Log-Odds Ratios of Word Frequencies

Which Words Are Shared LEAST Between Categories?

Log-odds ratio comparison identifies the words that have the greatest difference in usage between the two groups being compared. This code block is based on a method for comparing word usage frequencies between two separate Twitter users https://www.tidytextmining.com/twitter.html If the words used by TAs in their comments differ between sub-categories, there should be fairly low Pearson correlations between word frequencies.

# Isolate table rows to compare. Then reduce larger dataframe to only 2 required columns of data.
frequency_writing <- filter(base_data, code.subject=="2_writing"|code.subject=="3_technical"|code.subject=="4_logic")
frequency_writing.subcolumns <- frequency_writing %>% select(1, 22:23)

# Tokenize phrases, remove stop words listed in standard reference file.
base_data_tokenized <- frequency_writing.subcolumns %>% 
  unnest_tokens(word,ta.comment) %>% 
  anti_join(stop_words)

#At this point the dataframe should have "Unique.Record" in column 1, "code.subject" in column 2, and the unnested "word" in column 3. All columns are class = "character". Stop words listed in the "stop_words" R reference data file have been removed.

#Block below re-organizes the data for comparisons. This pattern sets "2_writing" as the first dataset, then all other data in remaining columns.
#Groups by code.subject, calculated proportional frequency in each group.
#Final step creates 4 columns: word, 2_writing, code.subject, proportion
#Stats need this format to be able to compare 2_writing against other values.
base_data_tokenized_sorted2 <- base_data_tokenized %>% 
  group_by(code.subject) %>%
  count(code.subject, word, sort=TRUE) %>% 
  mutate(proportion = n / sum(n)) %>% 
  select(-n) %>% 
  spread(code.subject, proportion) %>% 
  gather(code.subject, proportion, `3_technical`:`4_logic`)

#The dataframe called "base_data_tokenized_sorted2" is the final 4-column dataframe for statistical analysis. Individual words are in column 1, "2_writing" frequency is in Column 2, "code.subject" is in column 3, and "proportion" is in column 4. Columns 1 and 3 are class = "character", 2 and 4 are numeric ranges. 

#This structure is needed in order to compare word (in Column 1) frequencies for 2. Writing Quality (Column 2) as Y values against the frequencies of those same words (in Column 4) as X axes. WHICH subset of X values to use is coded in Column 3.

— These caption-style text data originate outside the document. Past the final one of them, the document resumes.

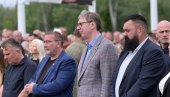 PREDSEDNIK U ŠIDU: Ponosan sam na činjenicu što sa prvi predsednik koji je posetio Batrovce (FOTO/VIDEO)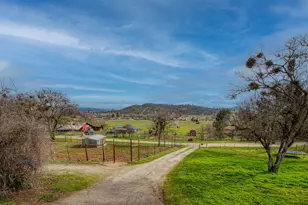 6169 Tamarack Ln, Central Point, OR 97502 - Photo 19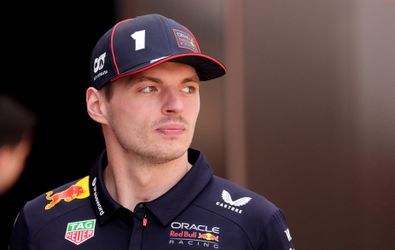 Max Verstappen laat Kelly Piquet en dochter Lily wachten: topcoureur vliegt naar opmerkelijke plek na drama in Spanje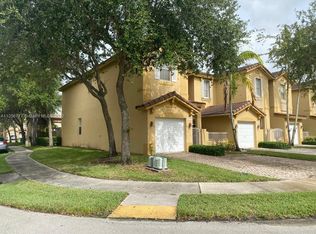 6325 SW 165th Pl, Miami, FL 33193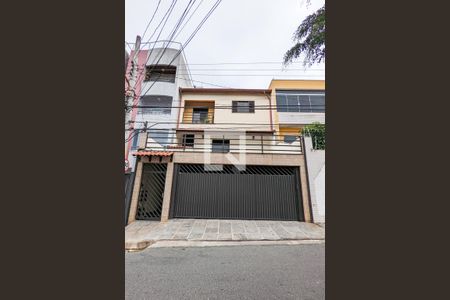 Casa à venda com 420m², 4 quartos e 4 vagasFachada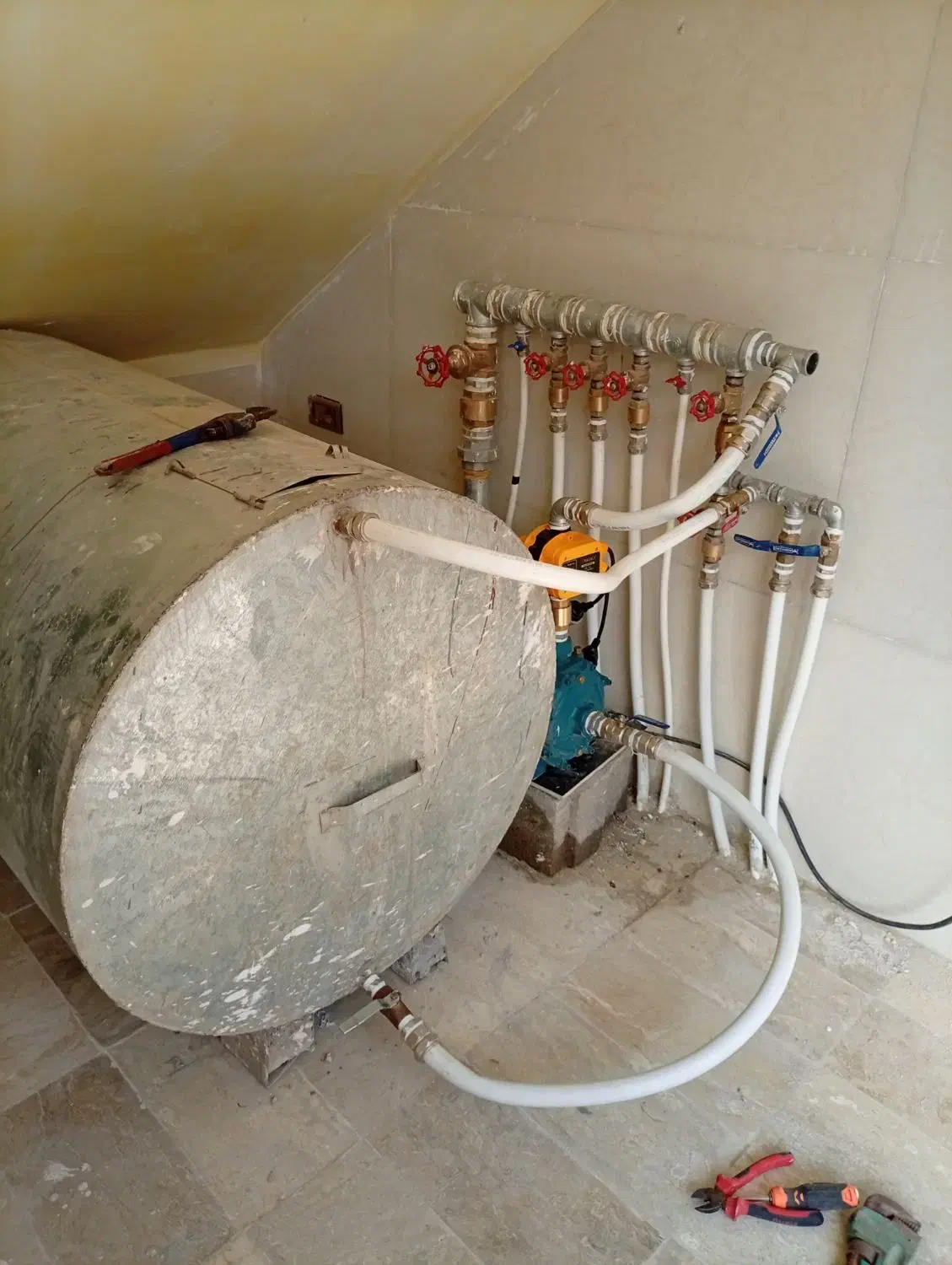 لوله کشی آب فاضلاب،برق،روشنای،رسوب گیری ،پمپ مخزن|خدمات پیشه و مهارت|اصفهان, خانه اصفهان|دیوار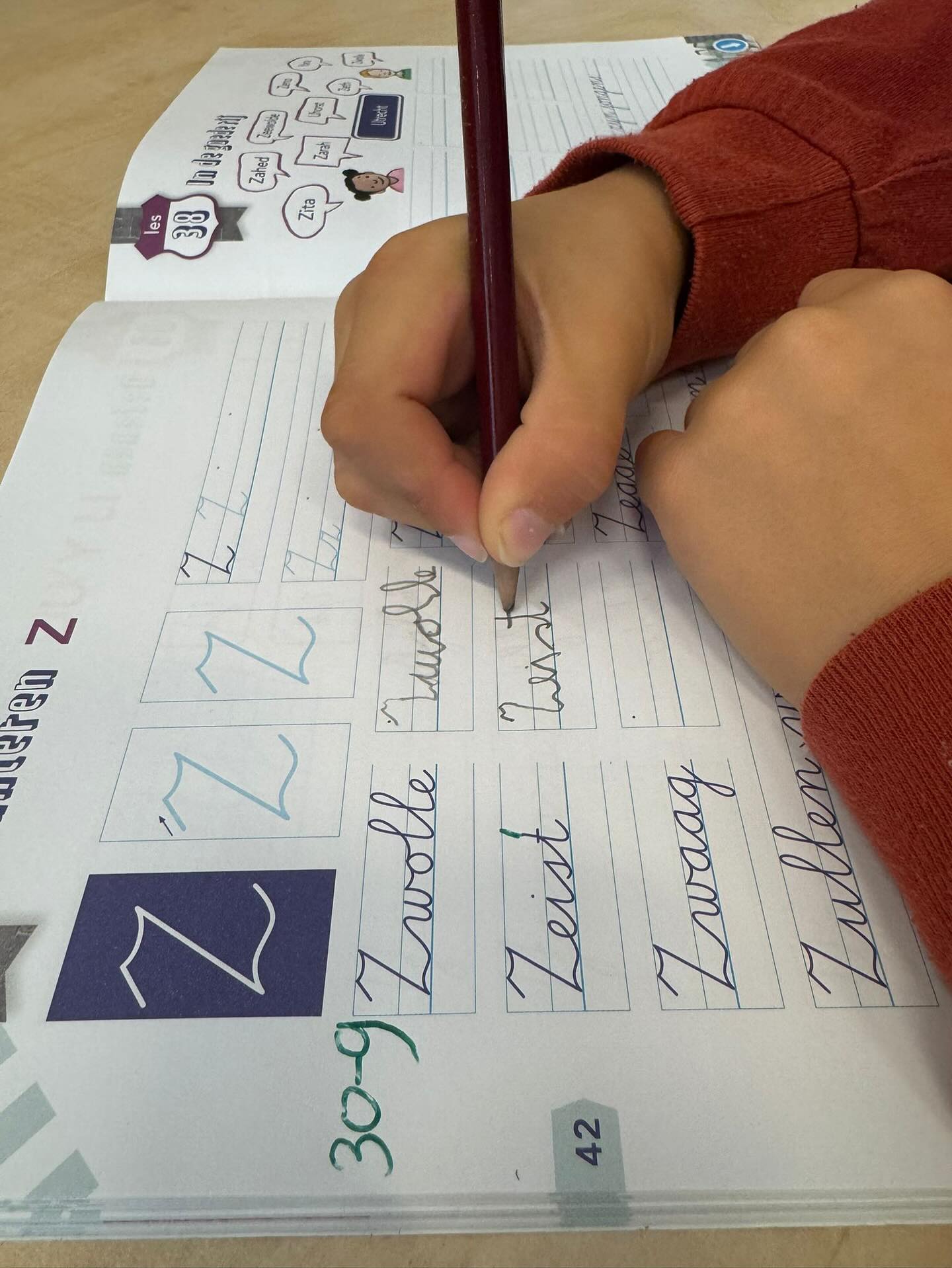 Als kinderoefentherapeuten werken we veel samen met scholen. Dat is super fijn, want het lijntje met de leerkracht is op die manier erg kort. Eén van de meest voorkomende hulpvragen die wij via school binnenkrijgen is ondersteuning gericht op schrijfmotoriek. Schrijven is een belangrijke vaardigheid in ons leven. Eigenlijk is het gewoon hersengymnastiek. Door de beweging, richting en druk op de pen zenden we signalen naar de hersenen. Ogen, hersenen, nek, spieren in de vingers – alles moet met elkaar samenwerken. Daarnaast zorgt het ook voor meer letter - en tekstbegrip.
kinderoefentherapie #kinderfysiotherapie #oefentherapie #fysiotherapie #motorischeontwikkeling #schrijven #pengreep #schrijfrijp #schrijfles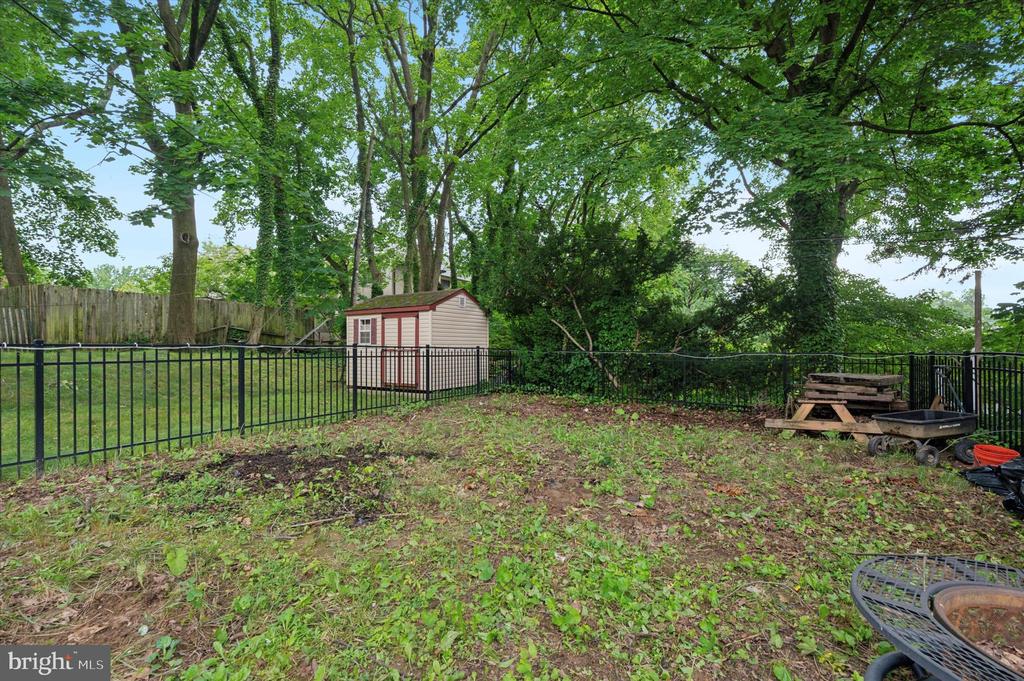 856 N Providence Rd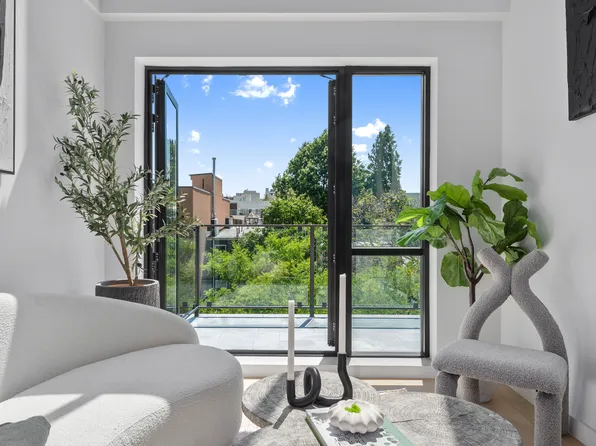 174 North 6th Street image 1 of 15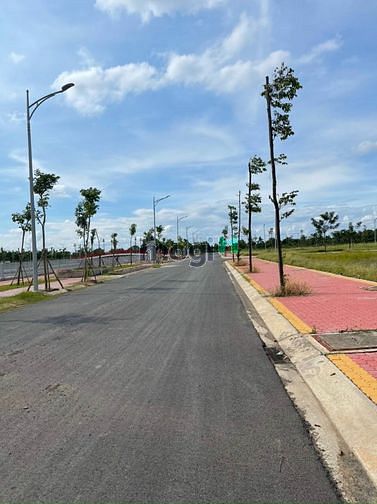 Hình ảnh Cần bán gấp lô đất ngay tại TT Thủ Thừa - đã có sổ, công chứng ngay.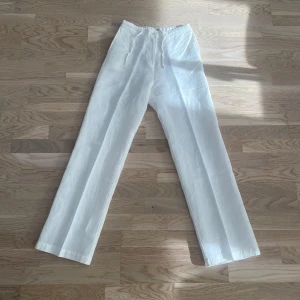 mòyy atolye linnebyxor - Linnebyxor med knapp och knytning. Brodyrdetalj på vardera ficka. Använd 1-2 gånger, nyskick. Passar XXXS-XS.  Köptes i mòyys egna butik utomlands för ca 1 000 SEK.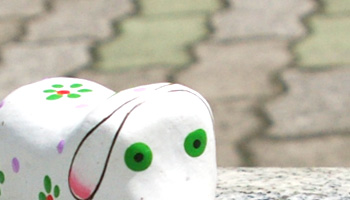 バリの職人の感性が光る、素朴で可愛い表情に癒される、そんなオブジェです。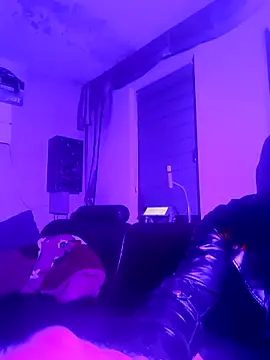 Crystalbitchx online show from December 2, 11:35 pm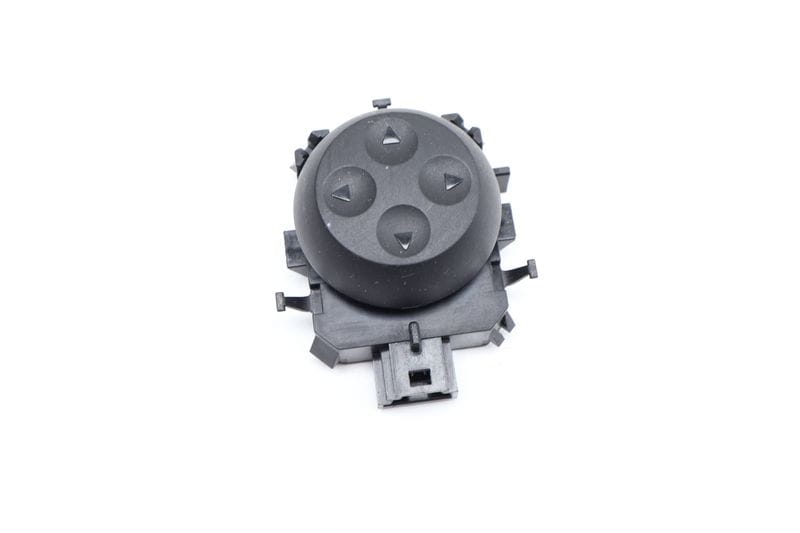 Seat Lumbar Adjustment Switch / Button 2048702558 — Used (SKU 662002)
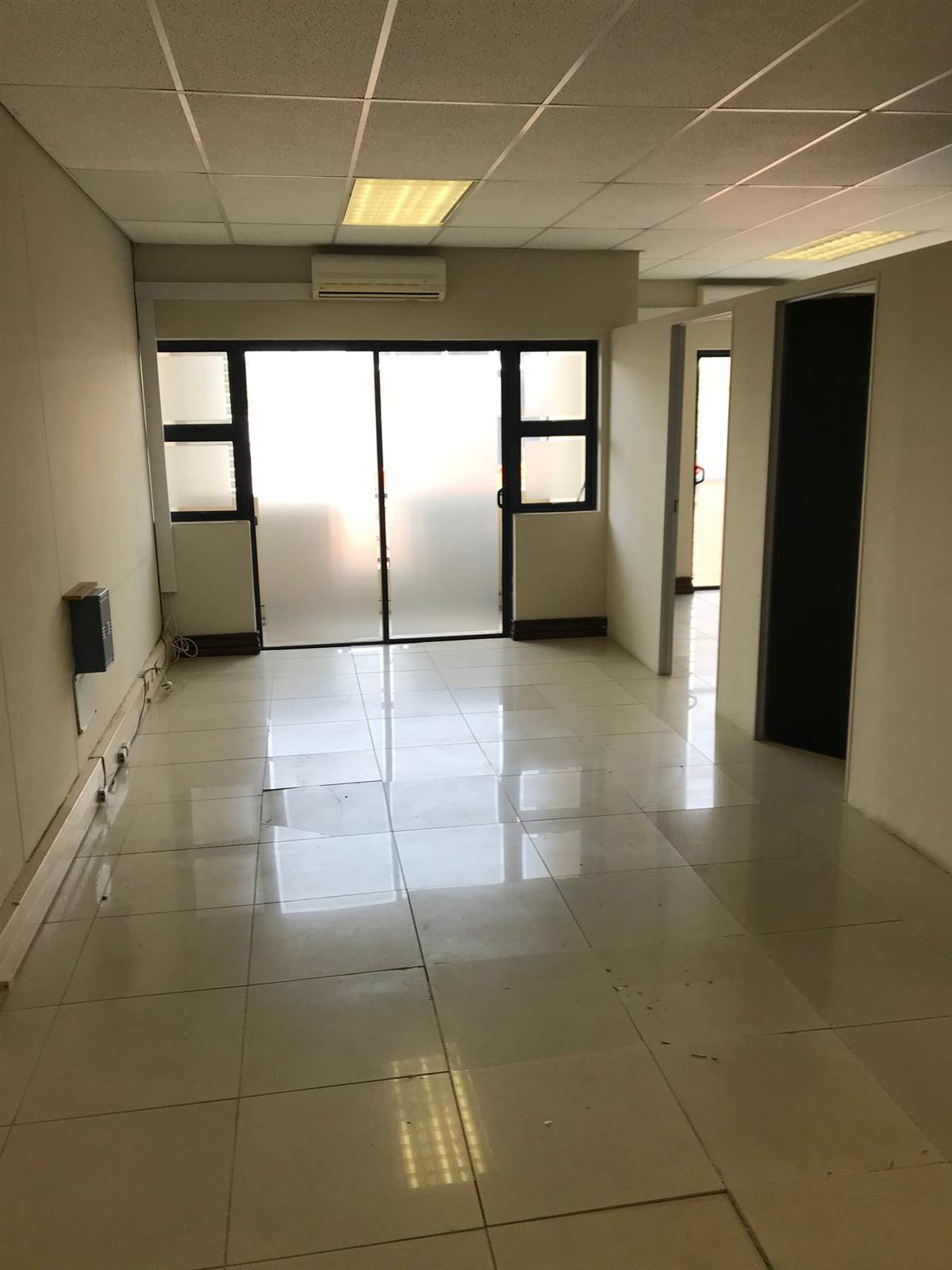 60  m² Commercial space in Umhlanga Ridge photo number 5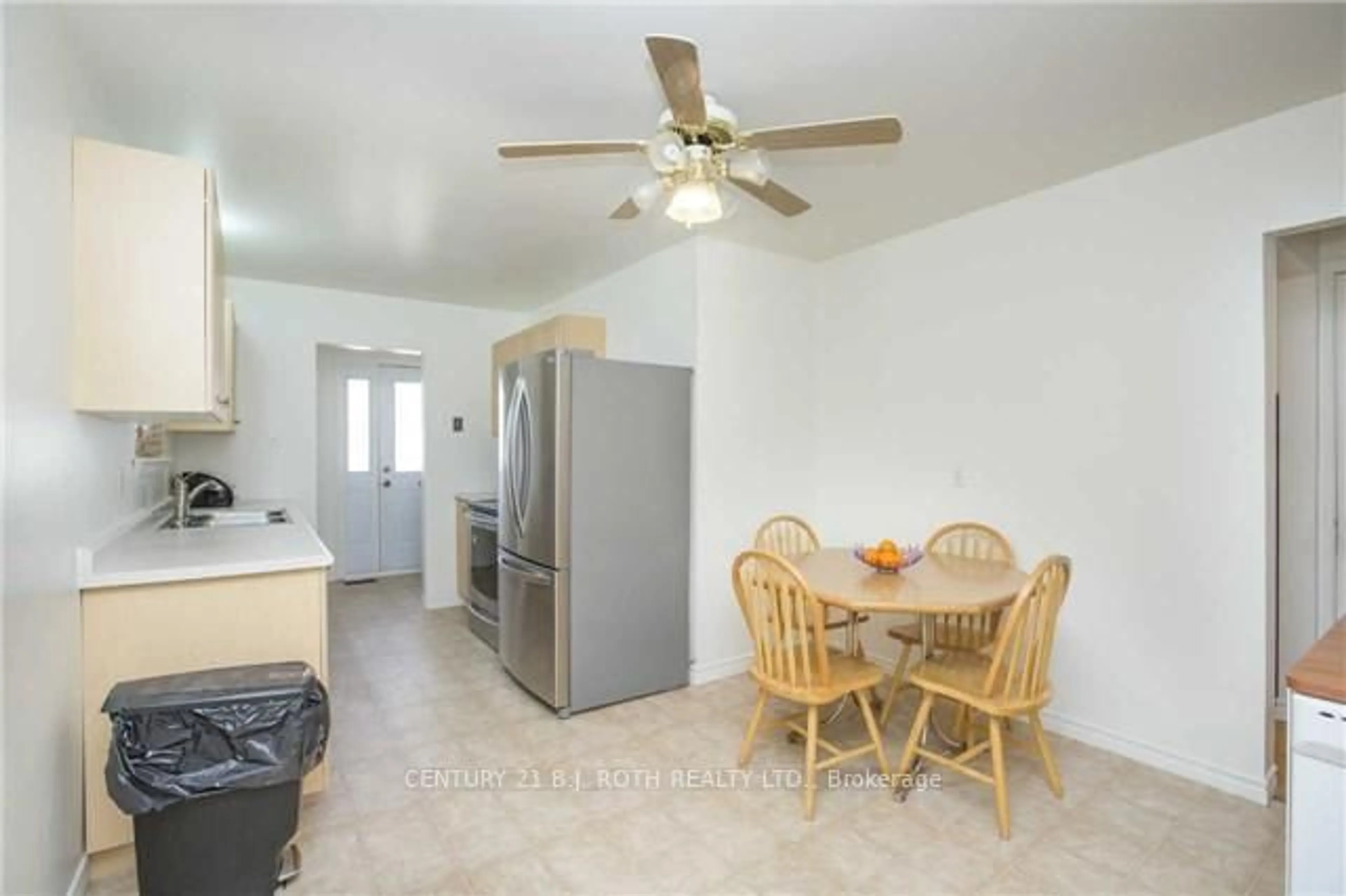 Standard kitchen, ceramic/tile floor for 17 Burbank Pl, Barrie Ontario L4M 2S8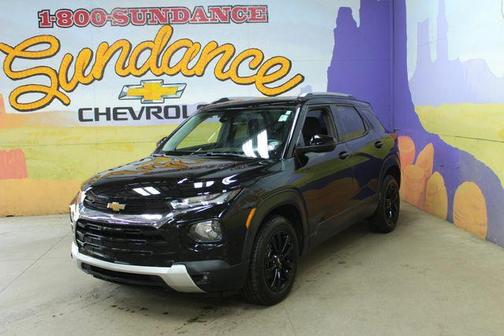 Mosaic Black Metallic 2023 Chevrolet Trailblazer LT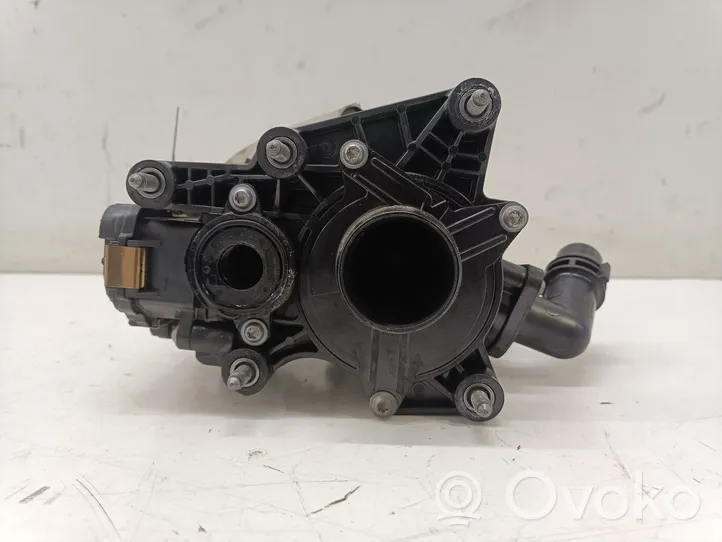 BMW 1 F40 Termostato/alloggiamento del termostato 8631943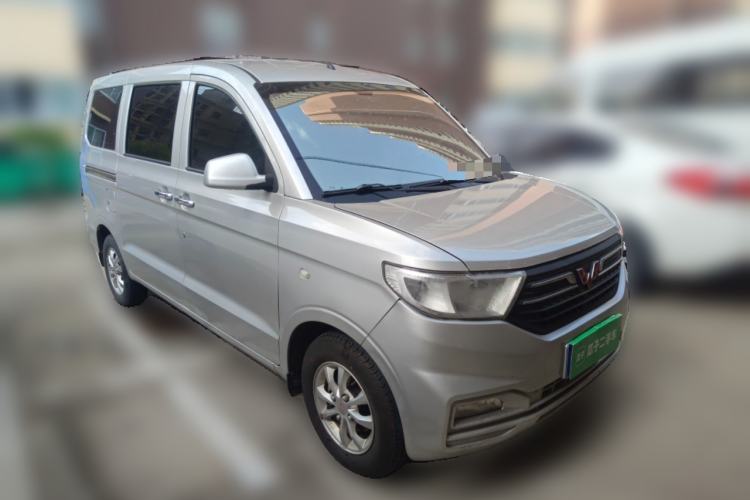 Used Wuling Hongguang V 2019 1.5L Enjoyment Version China VI LAR Front Right 45 Deg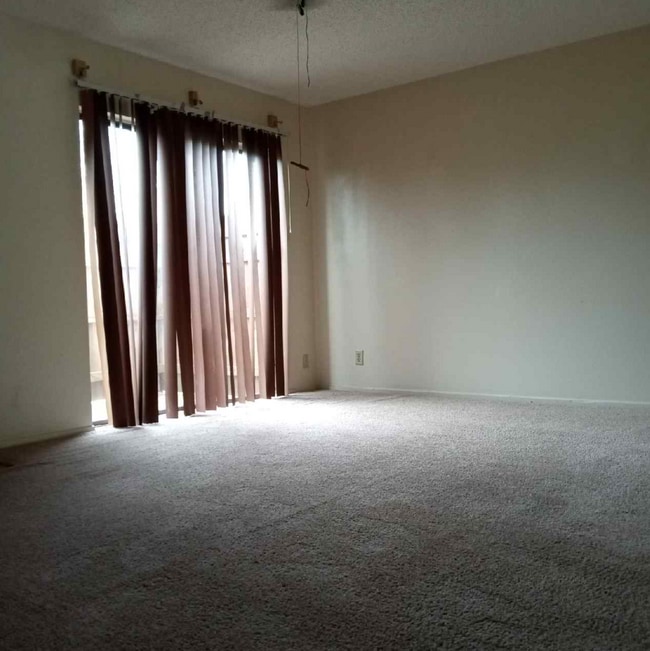 Building Photo - 60 W Elmwood Dr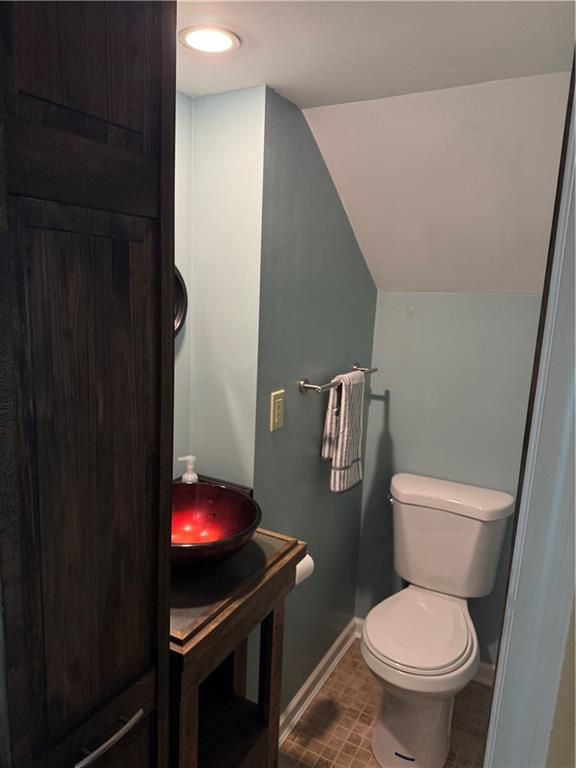 84 Beagle Club Road Washington, PA 15301 - Photo 24 of 31 Half bath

#Pearson correlation between frequency of words in 2_writing versus 3_technical and 2_writing versus 4_logic sub-categories.
cor.test(data = base_data_tokenized_sorted2[base_data_tokenized_sorted2$code.subject == "3_technical",], 
         ~ proportion + `2_writing`)
## 
##  Pearson's product-moment correlation
## 
## data:  proportion and 2_writing
## t = 15.153, df = 1176, p-value < 2.2e-16
## alternative hypothesis: true correlation is not equal to 0
## 95 percent confidence interval:
##  0.3552491 0.4508720
## sample estimates:
##       cor 
## 0.4041642
cor.test(data = base_data_tokenized_sorted2[base_data_tokenized_sorted2$code.subject == "4_logic",], 
         ~ proportion + `2_writing`)
## 
##  Pearson's product-moment correlation
## 
## data:  proportion and 2_writing
## t = 20.759, df = 946, p-value < 2.2e-16
## alternative hypothesis: true correlation is not equal to 0
## 95 percent confidence interval:
##  0.5140770 0.6016765
## sample estimates:
##       cor 
## 0.5594369
coroutput23 <-cor.test(data = base_data_tokenized_sorted2[base_data_tokenized_sorted2$code.subject == "3_technical",], 
         ~ proportion + `2_writing`)
coroutput24 <-cor.test(data = base_data_tokenized_sorted2[base_data_tokenized_sorted2$code.subject == "4_logic",], 
         ~ proportion + `2_writing`)

#Comparing sub-groups 3_technical and 4_logic requires recreating the dataframe in a slightly different format that excludes the data rows for 2_writing.

# Isolate table rows to compare. Then reduce larger dataframe to only 2 required columns of data.
frequency_writing3 <- filter(base_data, code.subject=="3_technical"|code.subject=="4_logic")
frequency_writing.subcolumns3 <- frequency_writing3 %>% select(1, 22:23)

# Tokenize phrases, remove stop words listed in standard reference file.
base_data_tokenized3 <- frequency_writing.subcolumns3 %>% 
  unnest_tokens(word,ta.comment) %>% 
  anti_join(stop_words)

#At this point the dataframe should have "Unique.Record" in column 1, "code.subject" in column 2, and the unnested "word" in column 3. All columns are class = "character". Stop words listed in the "stop_words" R reference data file have been removed.

#Block below re-organizes the data for comparisons. This pattern sets "3_technical" as the first dataset, then all other data in remaining columns.
#Groups by code.subject, calculated proportional frequency in each group.
#Final step creates 4 columns: word, 3_technical, code.subject, proportion
#Stats need this format to be able to compare 3_technical against other values.
base_data_tokenized_sorted3 <- base_data_tokenized3 %>% 
  group_by(code.subject) %>%
  count(code.subject, word, sort=TRUE) %>% 
  mutate(proportion = n / sum(n)) %>% 
  select(-n) %>% 
  spread(code.subject, proportion) %>% 
  gather(code.subject, proportion,`4_logic`)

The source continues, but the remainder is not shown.